The beginning of my life was nothing like a fairy tale. Very ordinary, very quiet—and yet, so many things were hidden deep inside.
As a child, I didn't understand what lack meant. I only knew that our house was small, but the people in it were close. My mother spent the whole day doing household work, and my father worked outside. When he returned home in the evening, it felt like the day was complete.
I was a quiet child. I didn't run around much, and I didn't ask for much. I preferred books over toys. Whenever someone told a story, I would listen carefully, and when alone, I would make up my own little tales.
The safest place as a child was sitting beside my mother.
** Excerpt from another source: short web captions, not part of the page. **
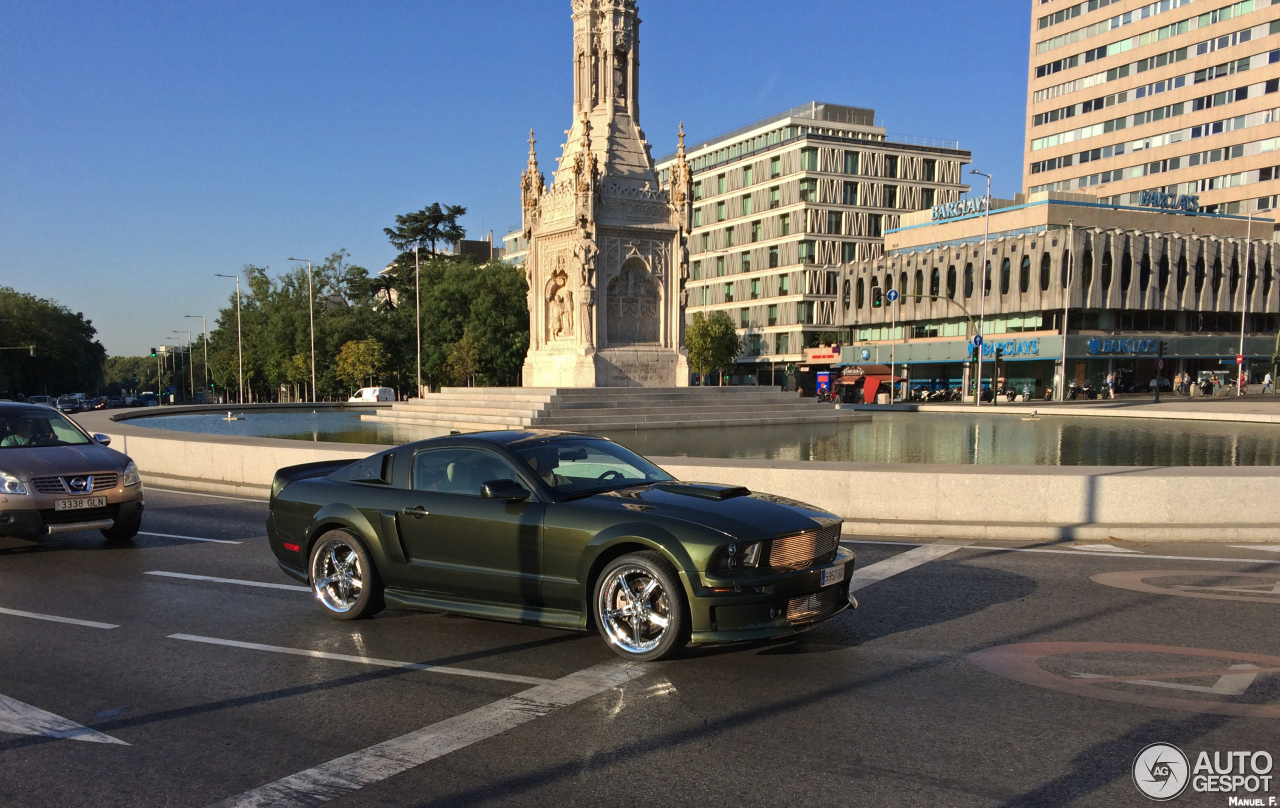 Ford Mustang GT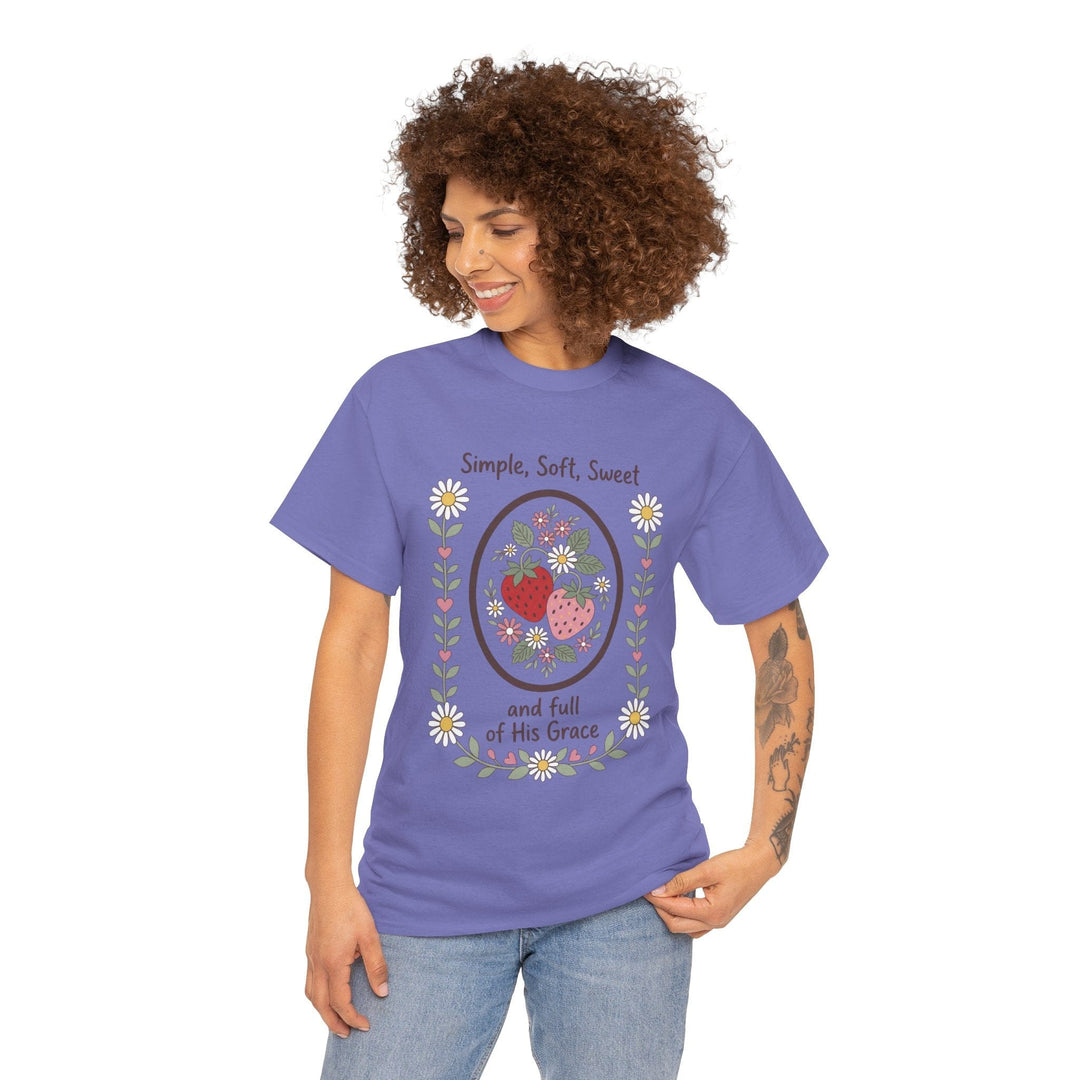 SOFT &amp; SWEET TEE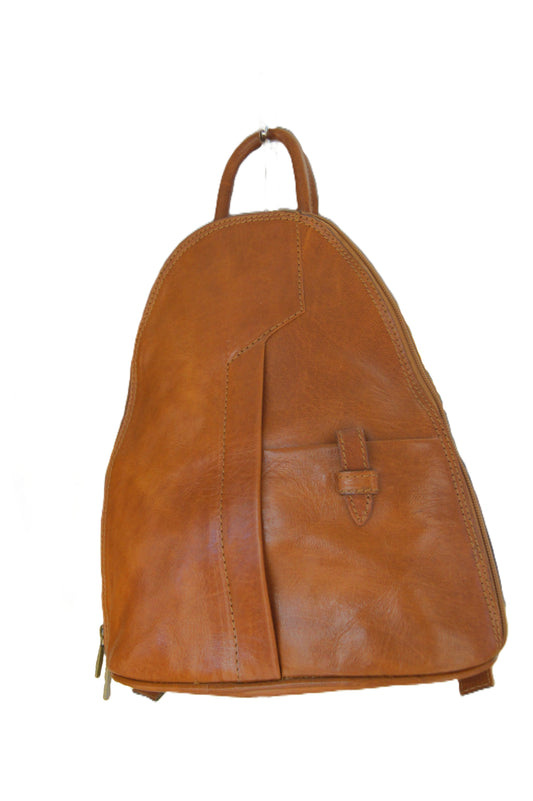 Bahar - Mochila de Cuero Genuino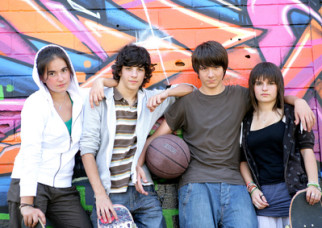 Words of the French youth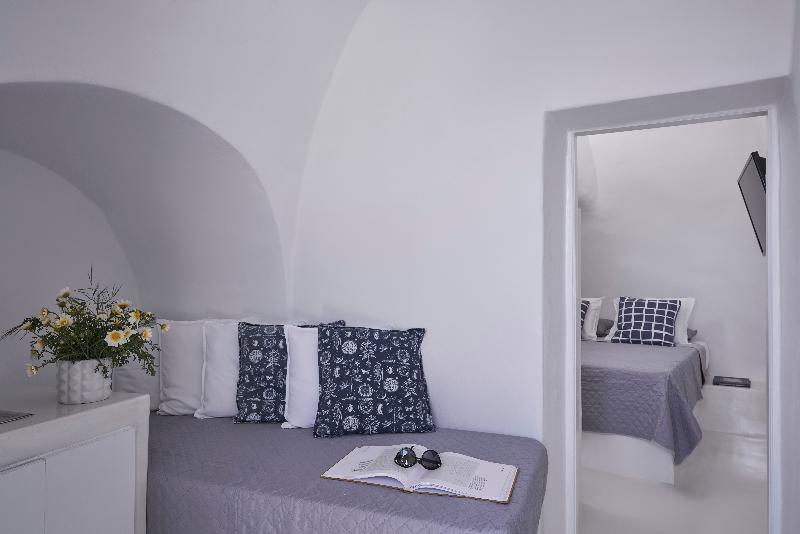 Fava Eco Suites - Oda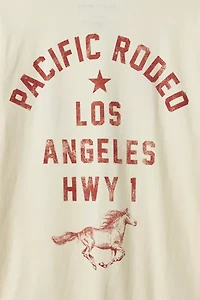 Western Rodeo LA Graphic Tee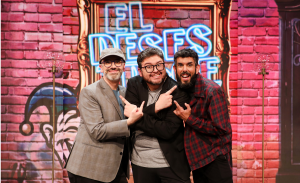 Integrantes de 'El sentido del humor' confirman que 'El desestrece' terminará antes y el por qué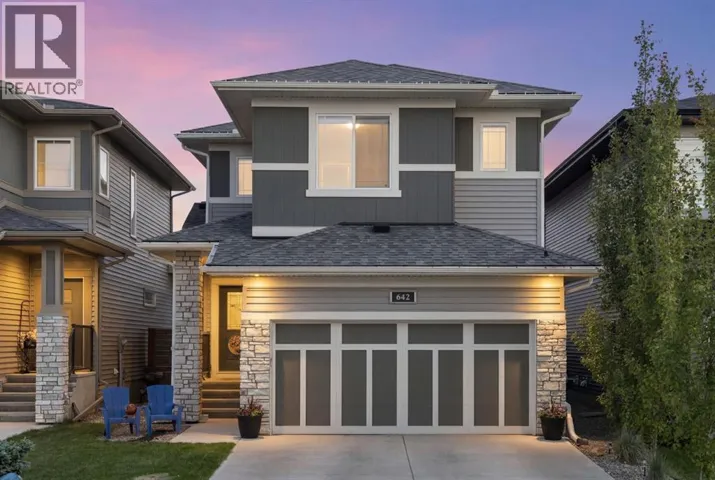 642 Kingsmere Way SE, Airdrie, Alberta T4A0x7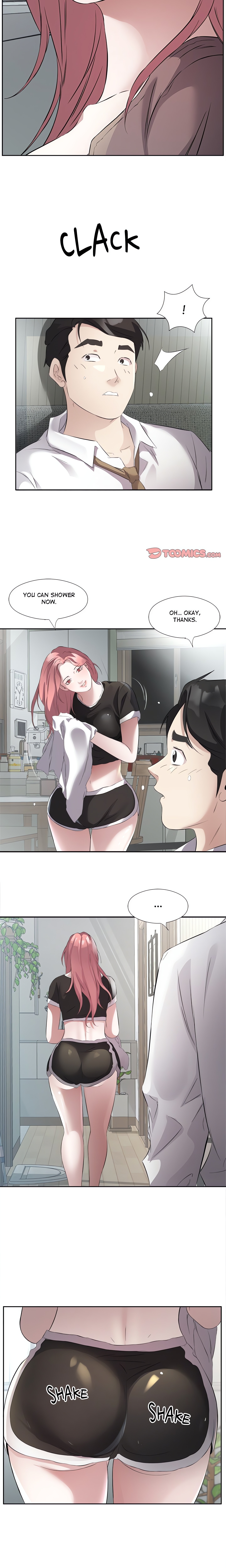 Memories of a Rainy Day chapter 8 page 10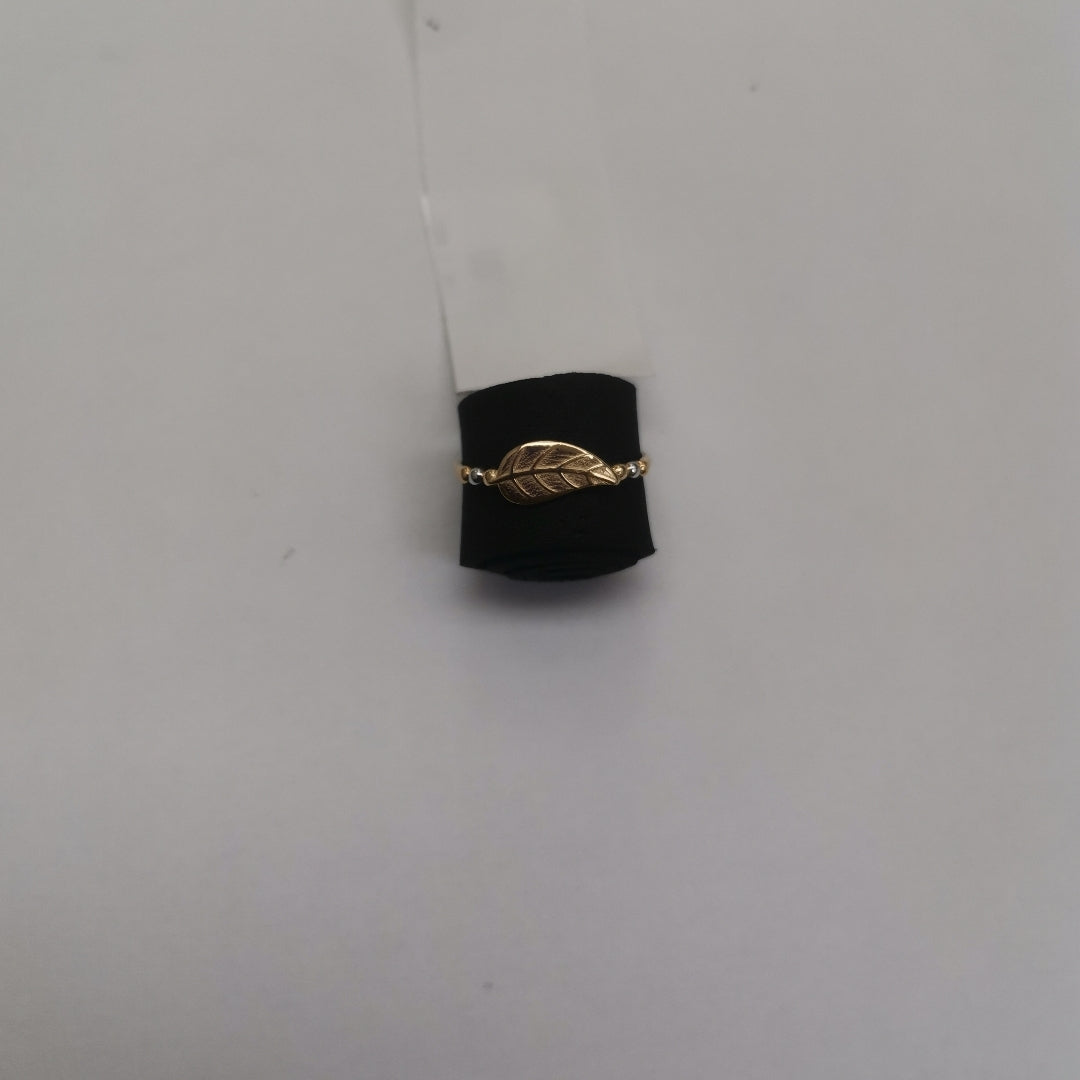 ANILLOS ORO 14K 1.5 GRS (NUEVO)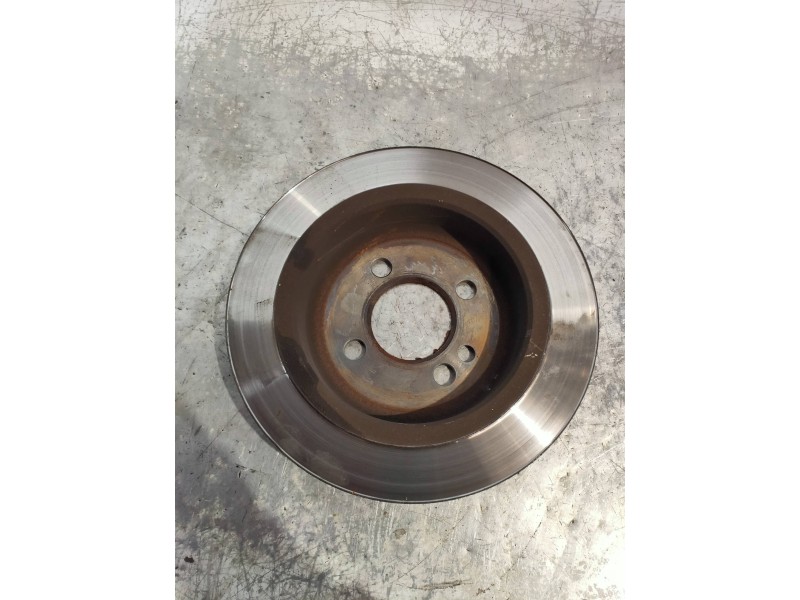 Recambio de disco freno trasero para mini mini (r56) cooper d referencia OEM IAM   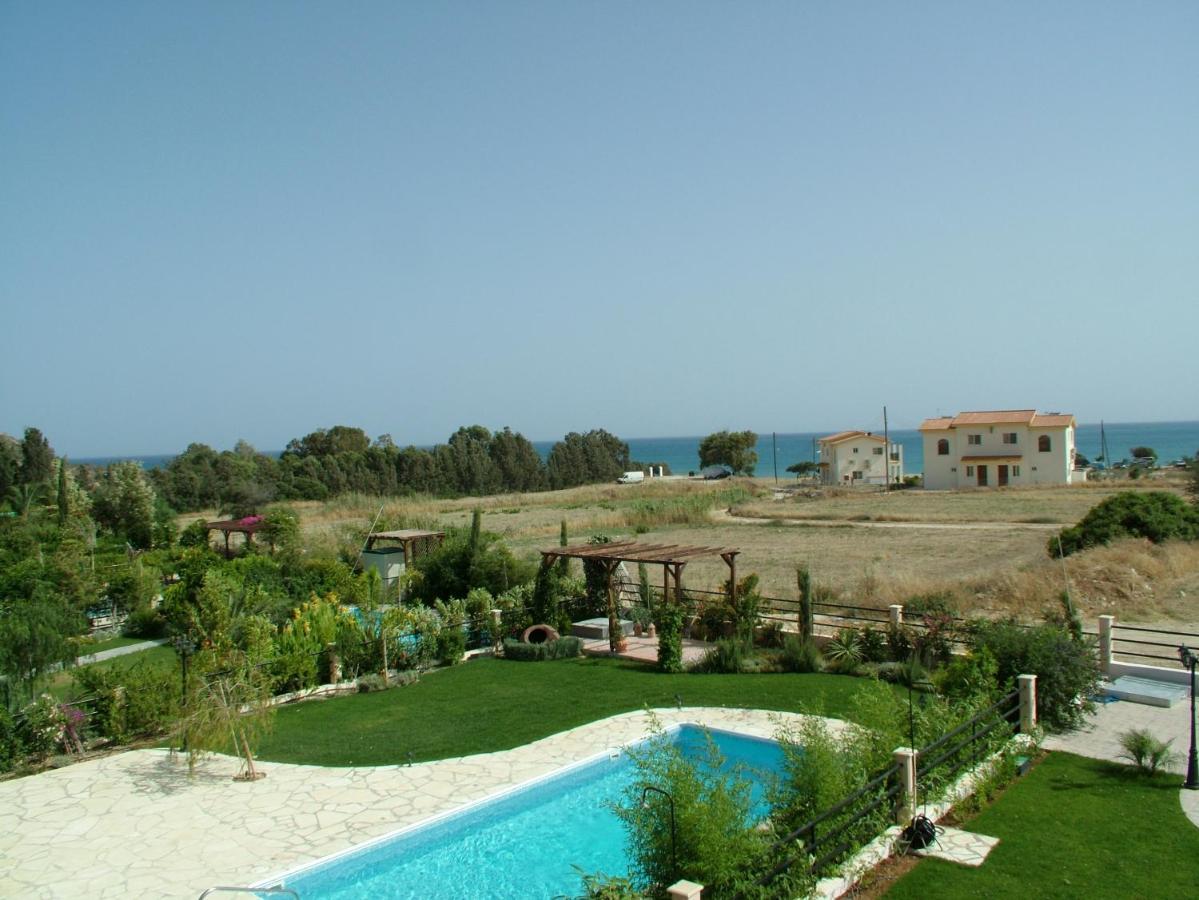 Holidays Villas Pissoúri Extérieur photo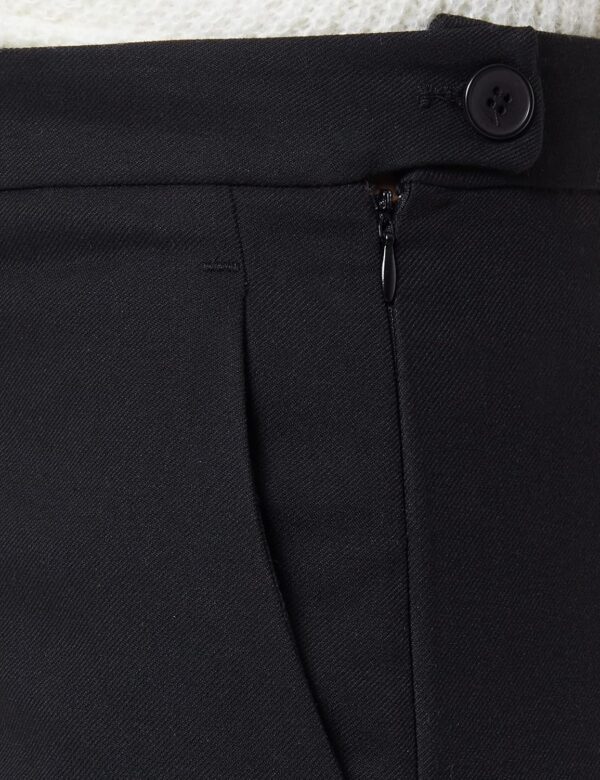 Sisley Boxer Bambino Donna Pantaloni Poliestere Viscosa-2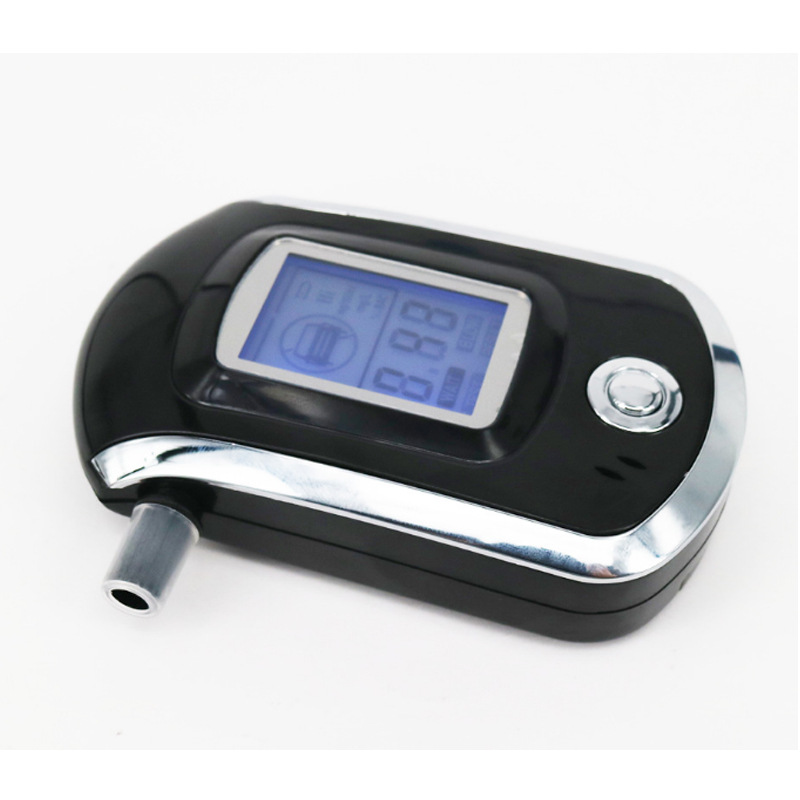 Cross-Border Alcohol Tester, High-Precision Air Blowing Type, Household Alcohol Detector, Air Blow Type Special Test, Overnight Wine
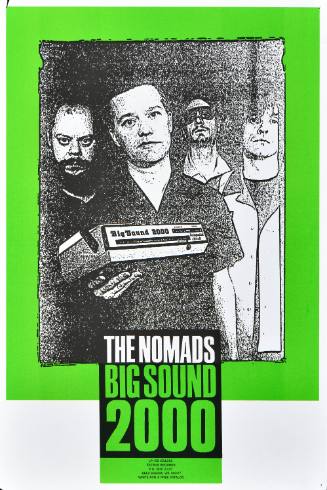 The Nomads/Big Sound 2000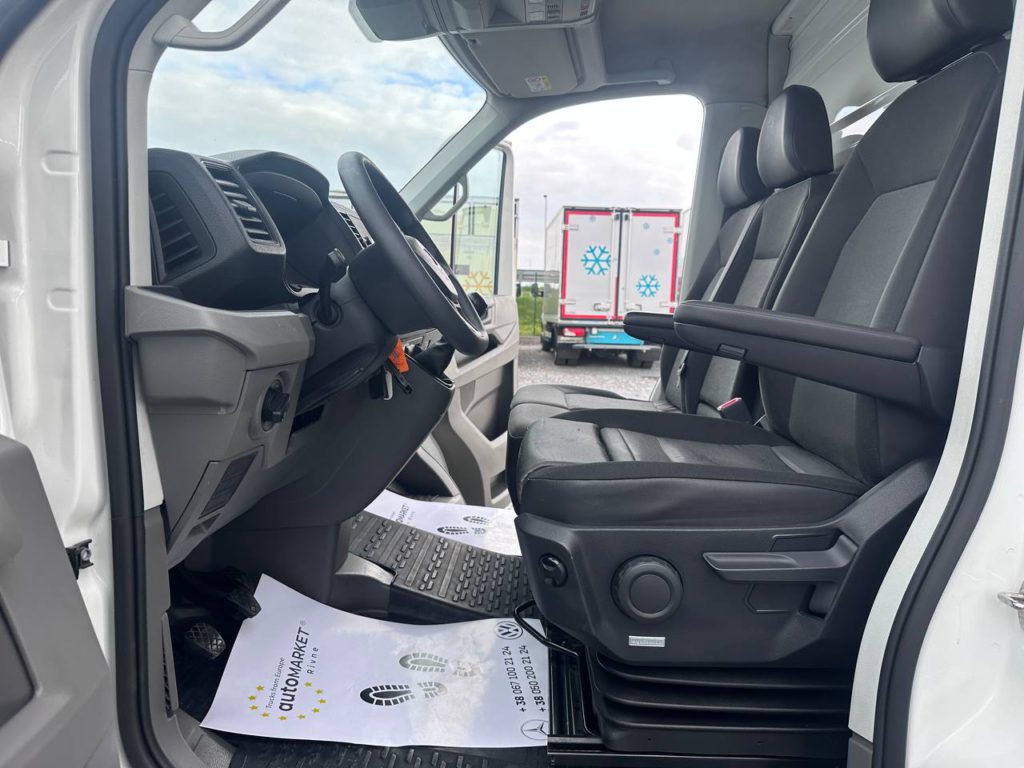 Volkswagen Crafter 2022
Back then, the world felt very small—home, the yard, school, and a few familiar faces.
First Steps in School
I still remember the day I first went to school. A new bag, new notebooks, but an unknown fear inside. I wasn't as playful as the other children. I would sit quietly in class, and even if I knew the answer, I lacked the courage to raise my hand.
Teachers would say I was a good student. Hearing that made me feel a small sense of pride. I thought maybe I could achieve something.
But returning home, reality was different. I would hear the conversations, the worries around me, yet I said nothing. Perhaps it was then that I learned to listen more than to speak.
Gradual Change
As I grew older, I began to understand that not all families are the same. Some homes are filled with laughter, some with quietness. In ours, quiet prevailed a little more.
I learned to be happy with very little. Even if I didn't get new clothes, I didn't feel sad. It seemed easier not to ask than to want.
From a very young age, a strange habit formed within me—I kept my pain to myself. When asked, I would say, "I'm fine."
Yet, behind that simple word "fine," so much remained hidden.
Birth of a Dream
Even amidst all this, I had dreams. I didn't know exactly what I wanted to become, but I knew this—I wanted a life where no one could weigh me down.
At night, lying in bed, I would think—What will I do when I grow up?
Will I ever be able to live life on my own terms?
I didn't have the answers then. But the courage to ask these questions had already been born.